Work task: Could you copy the records below exactly, leaving out any pictures they include?

Provided material:

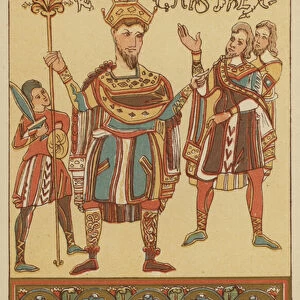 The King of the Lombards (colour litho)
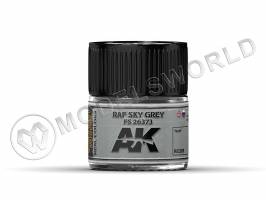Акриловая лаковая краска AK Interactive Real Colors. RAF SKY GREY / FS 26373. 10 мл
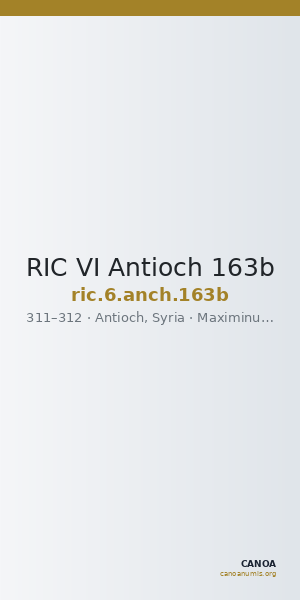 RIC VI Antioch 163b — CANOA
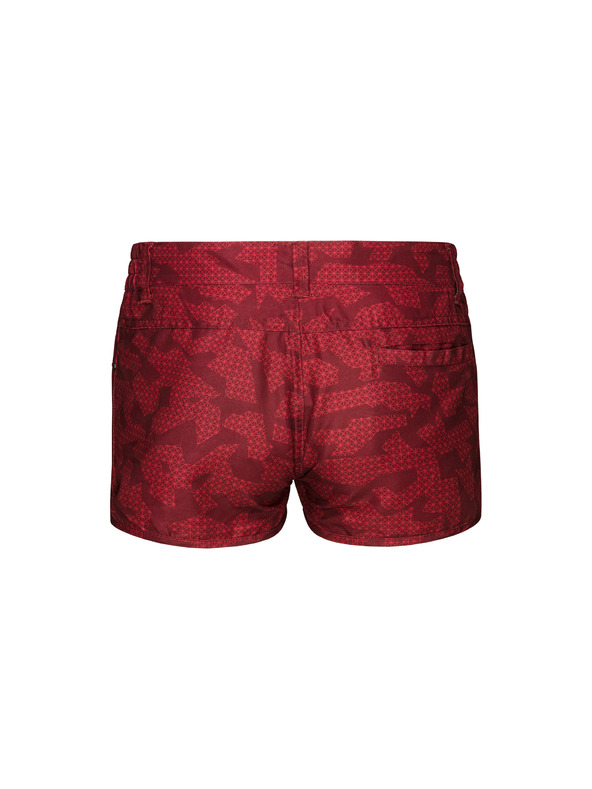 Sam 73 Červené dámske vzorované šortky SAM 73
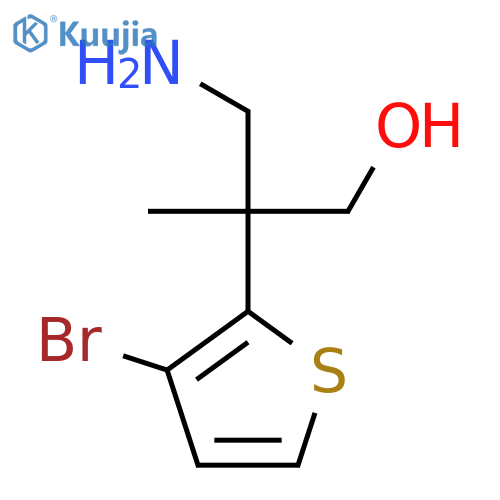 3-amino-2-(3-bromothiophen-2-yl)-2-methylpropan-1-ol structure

Result of this task:
 The King of the Lombards (colour litho)
Акриловая лаковая краска AK Interactive Real Colors. RAF SKY GREY / FS 26373. 10 мл
 RIC VI Antioch 163b — CANOA
 Sam 73 Červené dámske vzorované šortky SAM 73
 3-amino-2-(3-bromothiophen-2-yl)-2-methylpropan-1-ol structure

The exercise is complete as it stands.